I’m new to Tyk and am currently investigating migrating our REST API platform (with a custom, simplistic gateway) to Tyk.
We have some API endpoints which allow completely anonymous access, but for the bulk of the API we want to use OAuth 2.0 managed by Tyk. Is there a simple way to solve this, without setting up some weird routing logic?
Basically, we want the endpoints /users/{id}/avatar, /orgs/{id} and a few others like that to be forwarded by the gateway even if there is no Authorization header. Ideally, we would be able to choose whether to validate the Authorization header or just ignore it, should there be one.
Is there a simple way to do this using Tyk? Seems like there should be, but I’ve been experimenting with different middleware (is that the right term?) using the endpoint designer but cannot seem to figure it out.

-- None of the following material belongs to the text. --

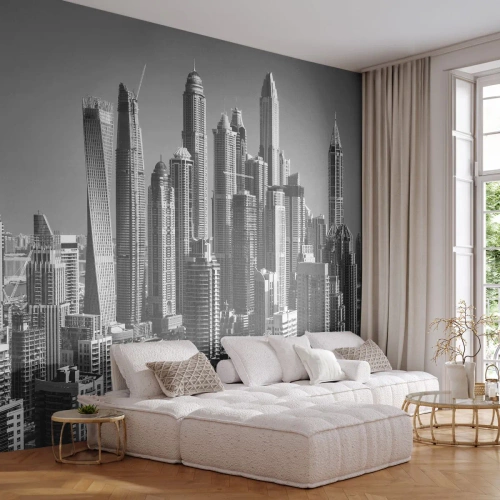 Papier Peint Photo Premium Sand - Ville sur le désert - Architecture, Ville, Dubai - 200x140 cm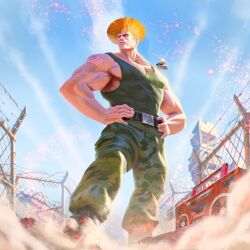 Rule 34 | american flag, barbed wire, blue sky, boombox, camouflage, camouflage pants, fence, guile, highres, impossible hair, muscular, muscular male, pants, sky, street fighter, tank top, tattoo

Thank you for your reply Yaara, but I’m not sure how this is relevant to my question. I want to excempt certain paths from the requirement of OAuth entirely, or if possible make the Authorization header (and OAuth validation of it) optional.
Hi,
Let me verify my understanding - you want that certain paths will be ignored?
If so - on the API setup under the ‘Endpoint Designer’ tab you need to add the path you want and select ‘Ignore’ from the list.
For example I had created an api for http://petstore.swagger.io and added the following specific endpoint to be ignored: /v2/pet/(.*)
The API itself needs to have authentication enabled under ‘Core Setting’.
For my little test I chose ‘Auth Token’ and when I request http://petstore.swagger.io I get -
Thank you so much! I realize my original question was perhaps a little difficult to understand.
What you’ve described seems to do exactly what I’m looking to do. I did not realize the “ignore” filter/middleware meant authorization would be ignored. Now that I do, that’s an incredibly simple solution. Thank you very much!
I’ve been able to integrate Tyk into our platform, and achieve what I wanted using the “ignore” feature as far as authorization goes. But I have a follow-up question:
As far as I can tell, “ignore” will completely bypass all Tyk logic. This seems to mean that caching, rate limiting etc are also bypassed. Ideally I would like to keep caching active for the “ignored” paths. Is there any way to achieve this?
Basically, what I want to do is allow anonymous access to some methods/paths only, without bypassing all other Tyk logic, such as caching and rate limiting.
Looking at the code if the endpoint is ignored then the middlewares won’t be able to be called so this is a bit of an all or nothing solutionat the moment i’m afraid.
Does that mean that there is no way to achieve what I’m looking for? I recognize that “ignoring” a path will bypass all logic, and that therefore it’s not a viable solution. However maybe thare are other features that could let me achieve anonymous (but cached) endpoints in an otherwise restricted API?
Here are some vague ideas based on my limited understanding of Tyk so far, that maybe could serve as some inspiration for you to suggest solutions.
“Overlay” two separate API configurations, so that one only contains the anonymous endpoints, although I reckon there might be an issue with conflicting paths?
Create two separate API configurations at different base paths, but pointing to the same source service
Some sort of custom authentication middleware/plug-in to mark a request to certain paths as authorized even if it’s not? I’m struggling to understand the (very limited?) documentation on plug-ins.
Changes to the core code of Tyk, but where would I start?
I encounter exactly the same problem as @richardolsson. An API with some secure paths and some not.
With “Auth authoken” authentication, setting up the workaround is quite simple. On the other hand, when the API is secured through OIDC it requires a lot of effort:
create and sign a JWT token with a long life so that it doesn’t expire. Position a custom issuer into the token. This token is added in the Authorization header (point 5 of your workaround)
create a mock API to expose .well-known / openid-configuration urls and JWKS information
configure the workaround you described above
It works, but it’s very expensive.
Is it planned in the roadmap to support out of the box API with secure paths and some not ?
Hi,
Sorry we haven’t reply. I will find out.
Please feel free to open an issue about this on our GH repo and add link to this thread. This way you can track any updates on this issue.
@leon: Really what I’d like to do is have a sibling of ignore that doesn’t actually ignore the request fully, just ignores the auth. It should let the request pass unauthorized.
This way, an authenticated user 1 requesting /users/1 will get detailed information, and an unauthenticated user requesting /users/1 will just get the public information.
Right now, I have to choose between only allowing authenticated calls to /users/1, or making all requests to /users/1 anonymous (using the ignore filter). The fact that caching etc is disabled is a negative side-effect, but not the main issue for me.
It definitely make sense, but not sure what is the best way to achieve this.
You can try to configure 2 Tyk APIs, one open and second with auth. Public endpoint will point to your open API, and inside you will define URL rewrite rule which when authorization header is passed it will internally route to second protected api, and if no header, it will continue working with public API.
Or using small nginx layer which route traffic to different Tyk APIs depending on the header.